*** Block opens ***
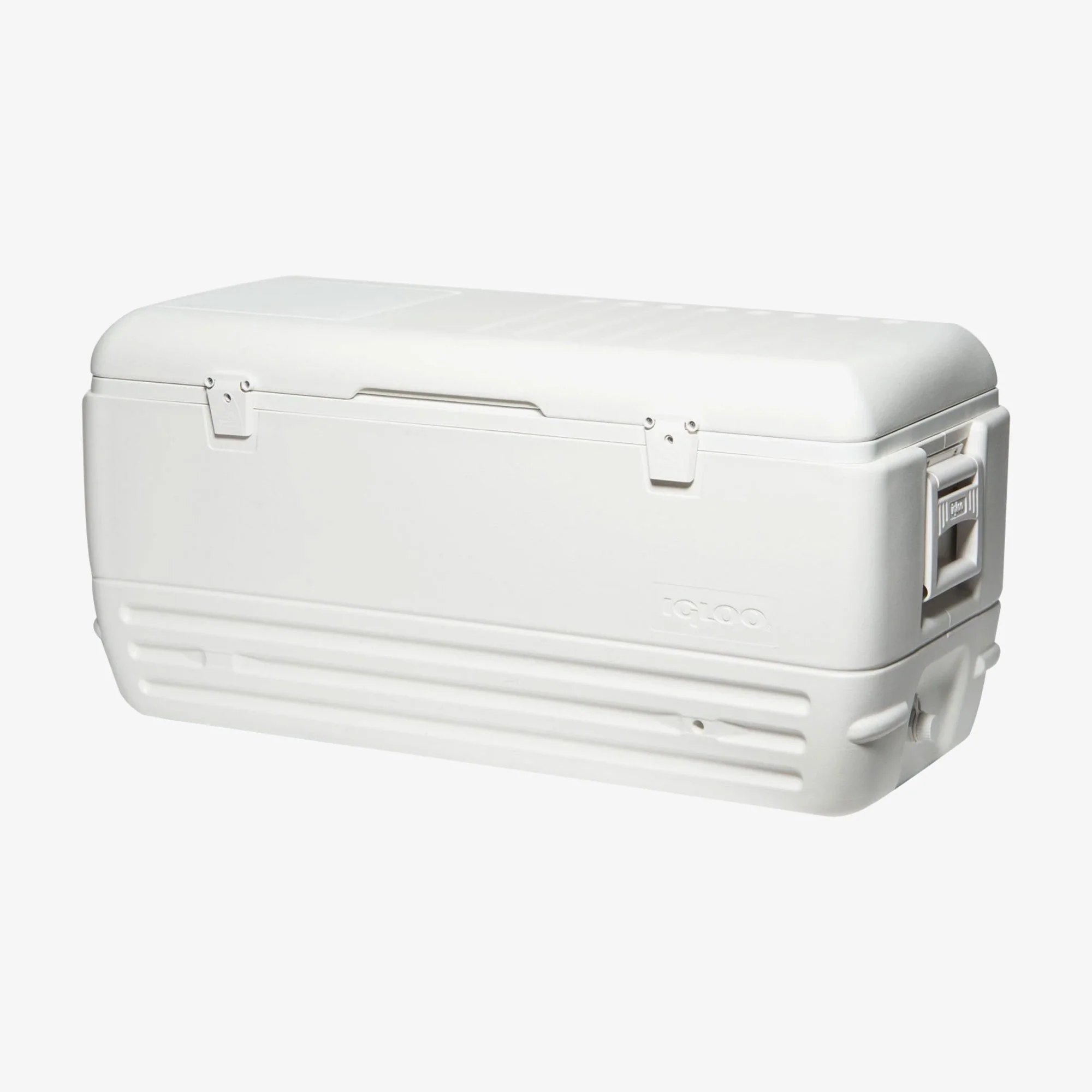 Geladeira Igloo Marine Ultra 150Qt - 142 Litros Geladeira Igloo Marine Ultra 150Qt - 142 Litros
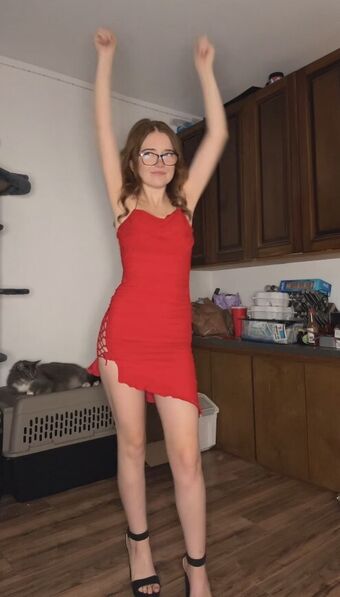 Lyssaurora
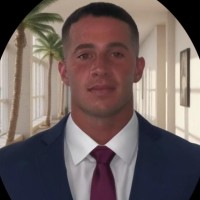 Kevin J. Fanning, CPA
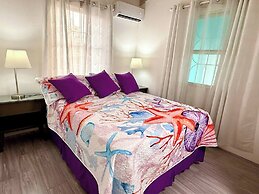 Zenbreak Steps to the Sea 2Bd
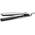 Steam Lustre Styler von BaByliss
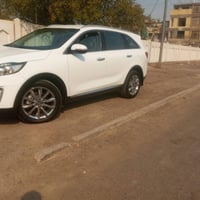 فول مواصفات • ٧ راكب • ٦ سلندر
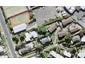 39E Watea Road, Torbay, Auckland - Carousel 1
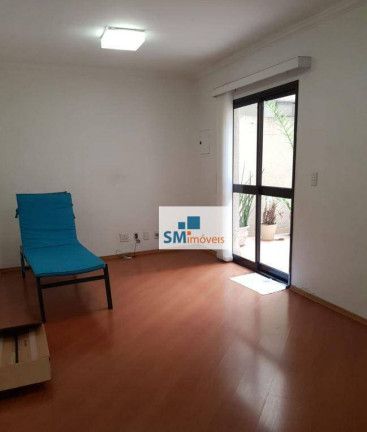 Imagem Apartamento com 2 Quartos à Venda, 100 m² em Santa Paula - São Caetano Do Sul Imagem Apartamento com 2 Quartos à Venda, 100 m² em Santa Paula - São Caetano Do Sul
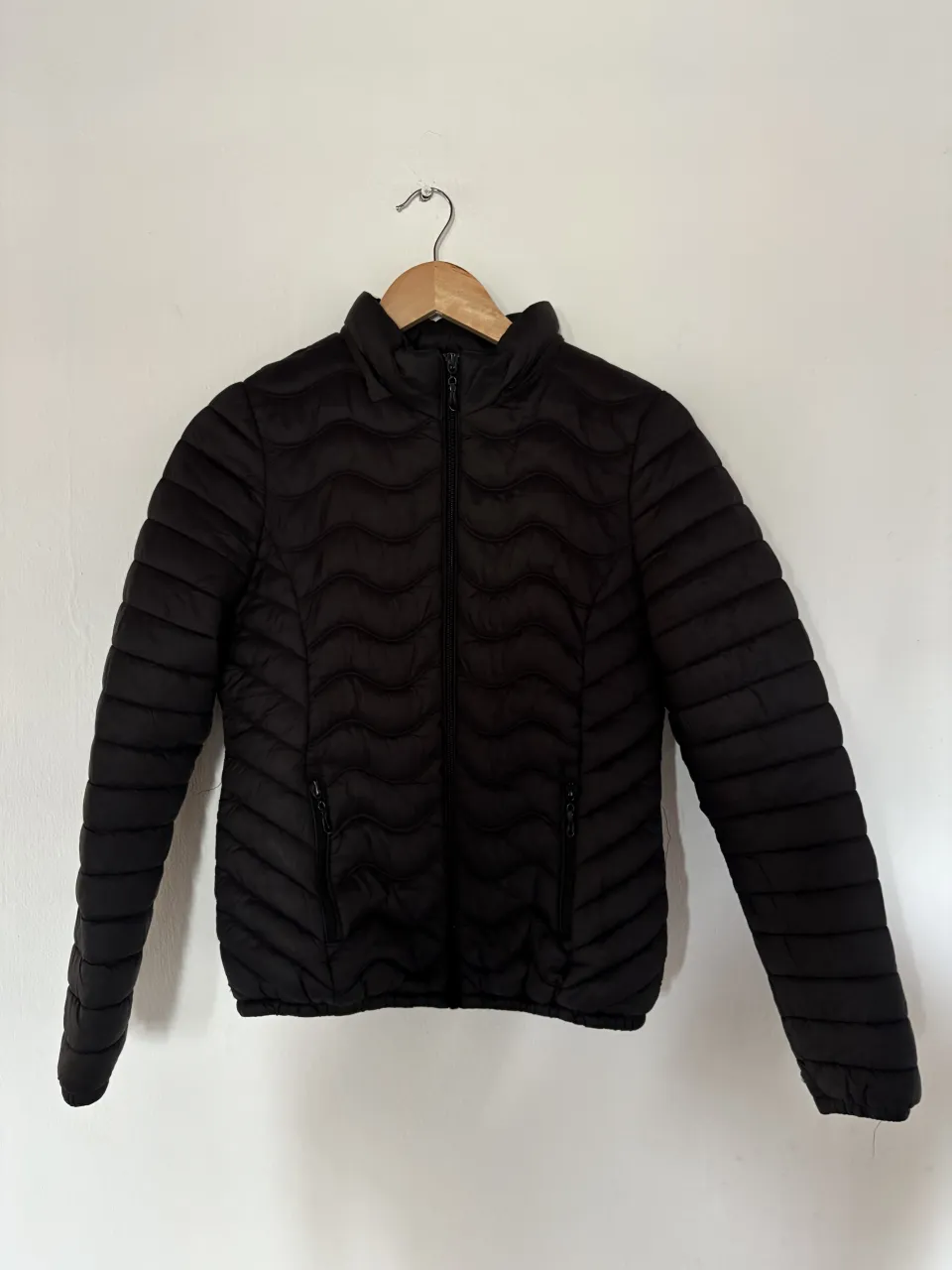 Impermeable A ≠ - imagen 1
*** Block closes ***
*** Block opens ***
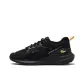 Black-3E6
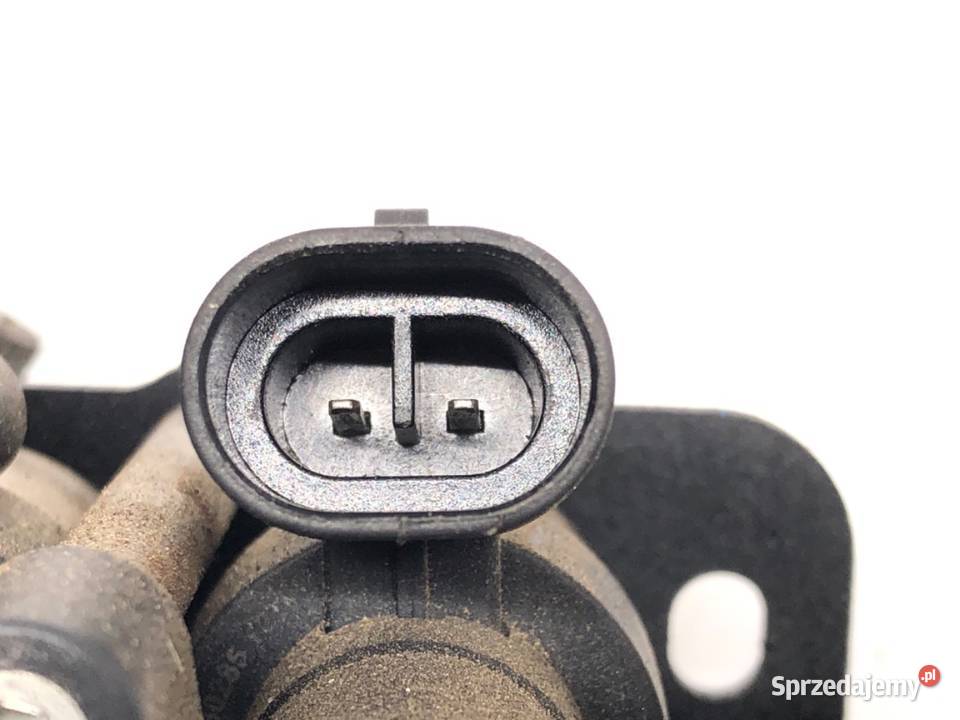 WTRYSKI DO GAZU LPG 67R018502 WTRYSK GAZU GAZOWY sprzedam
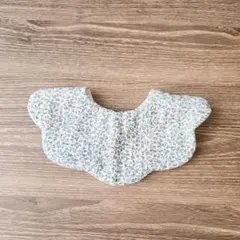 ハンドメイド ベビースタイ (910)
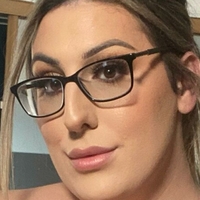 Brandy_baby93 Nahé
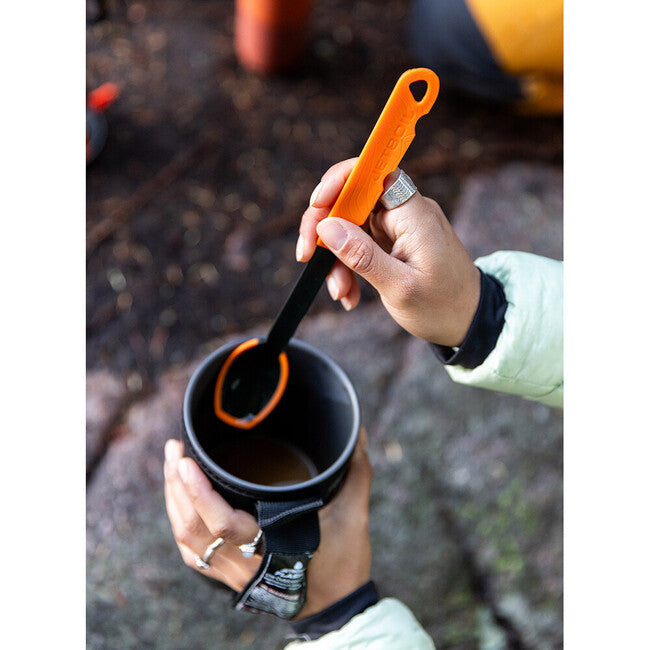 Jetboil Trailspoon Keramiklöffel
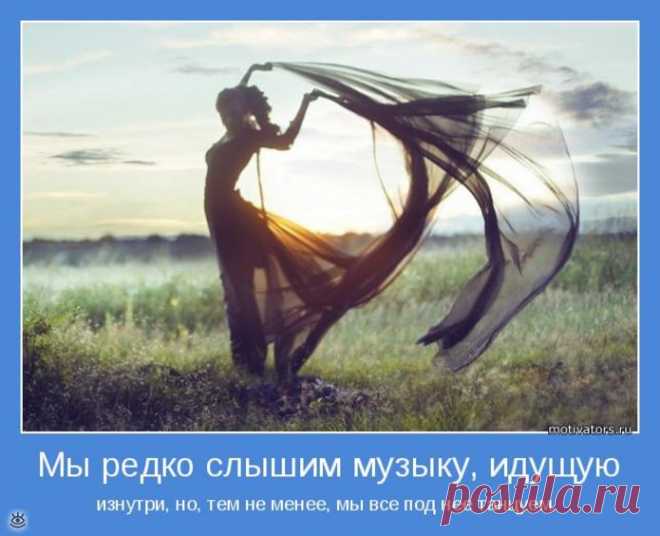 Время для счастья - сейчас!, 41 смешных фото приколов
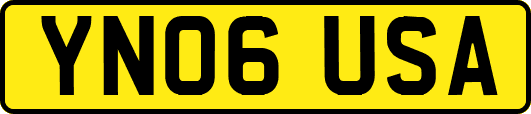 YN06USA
*** Block closes ***
*** Block opens ***
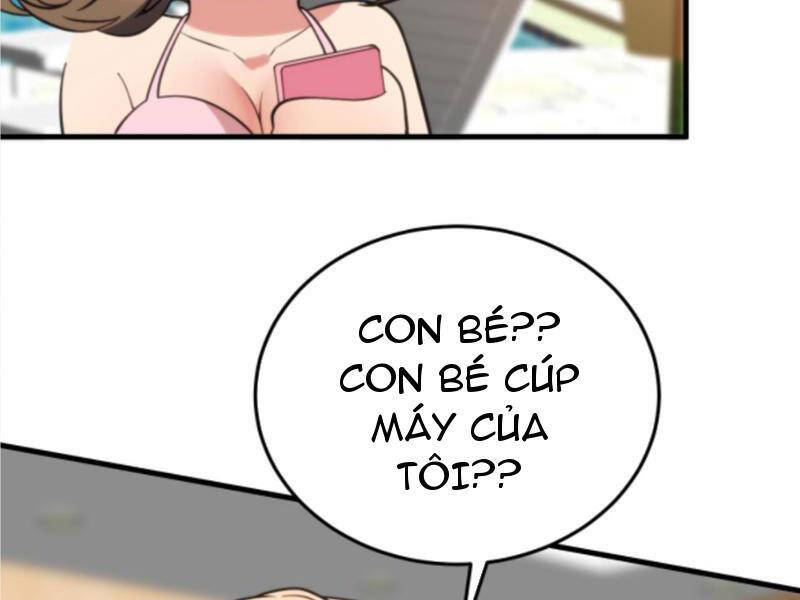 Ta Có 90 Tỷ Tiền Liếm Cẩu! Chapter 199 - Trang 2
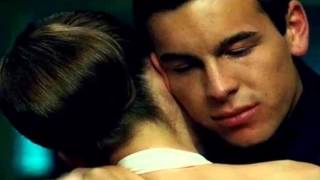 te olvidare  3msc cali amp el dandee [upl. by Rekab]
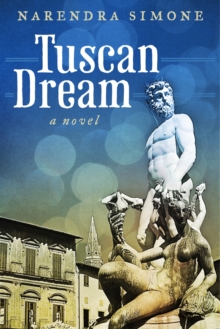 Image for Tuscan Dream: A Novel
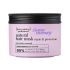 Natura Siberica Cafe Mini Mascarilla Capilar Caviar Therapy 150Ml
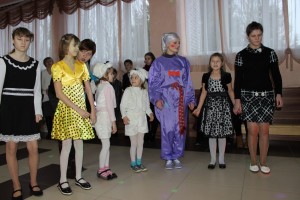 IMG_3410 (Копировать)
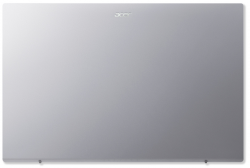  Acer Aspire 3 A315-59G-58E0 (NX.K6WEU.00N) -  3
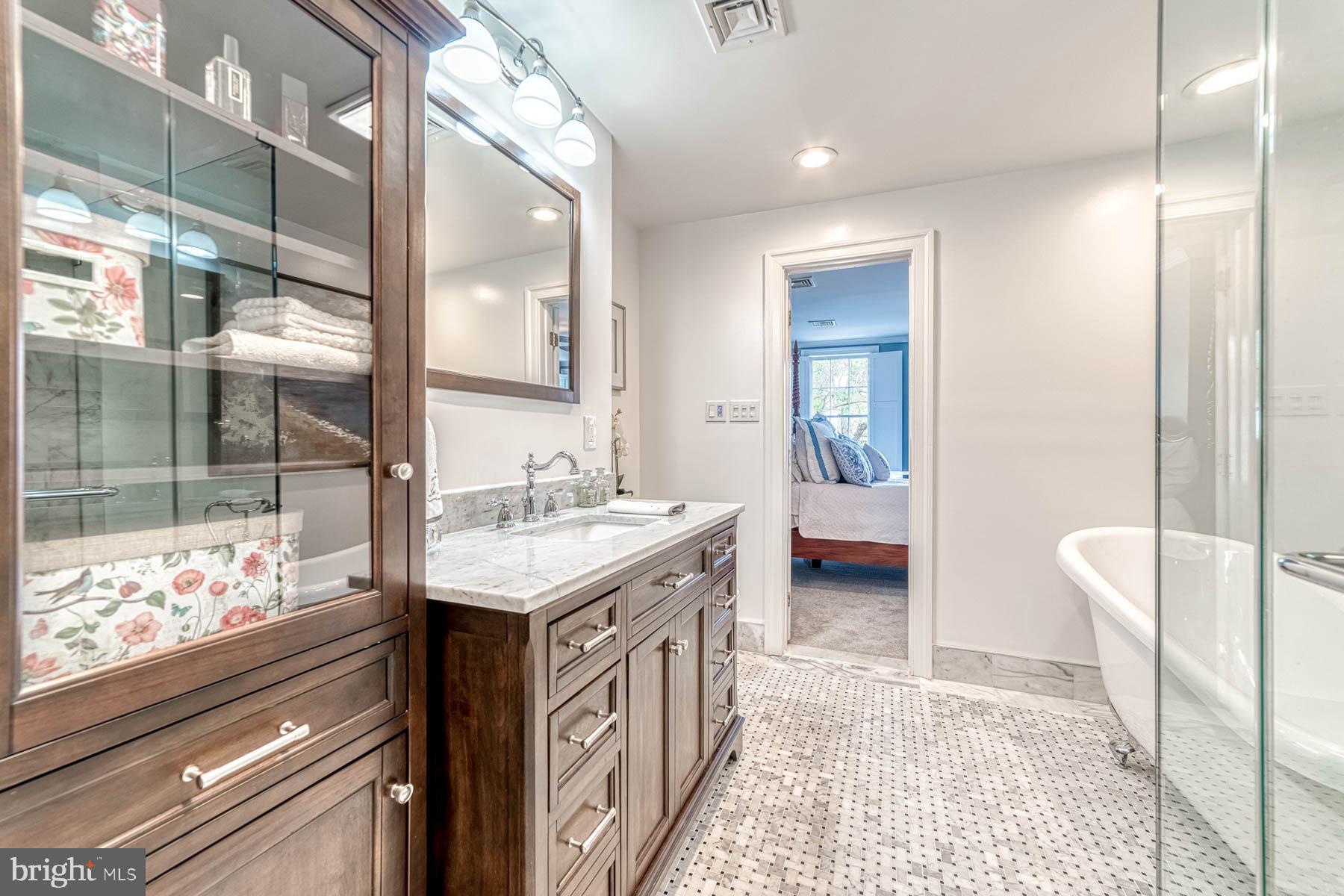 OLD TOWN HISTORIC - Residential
*** Block closes ***
→ **Your instructions**: Write out exactly the run of lines above that starts at the line containing "Geladeira Igloo Marine Ultra 150Qt - 142 Litros Geladeira" and ends at the line containing "Impermeable A ≠ - imagen 1". Include both, and leave the pictures out.

→ **Exercise answer**:
 Geladeira Igloo Marine Ultra 150Qt - 142 Litros Geladeira Igloo Marine Ultra 150Qt - 142 Litros
 Lyssaurora
 Kevin J. Fanning, CPA
 Zenbreak Steps to the Sea 2Bd
 Steam Lustre Styler von BaByliss
 فول مواصفات • ٧ راكب • ٦ سلندر
 39E Watea Road, Torbay, Auckland - Carousel 1
 Imagem Apartamento com 2 Quartos à Venda, 100 m² em Santa Paula - São Caetano Do Sul Imagem Apartamento com 2 Quartos à Venda, 100 m² em Santa Paula - São Caetano Do Sul
 Impermeable A ≠ - imagen 1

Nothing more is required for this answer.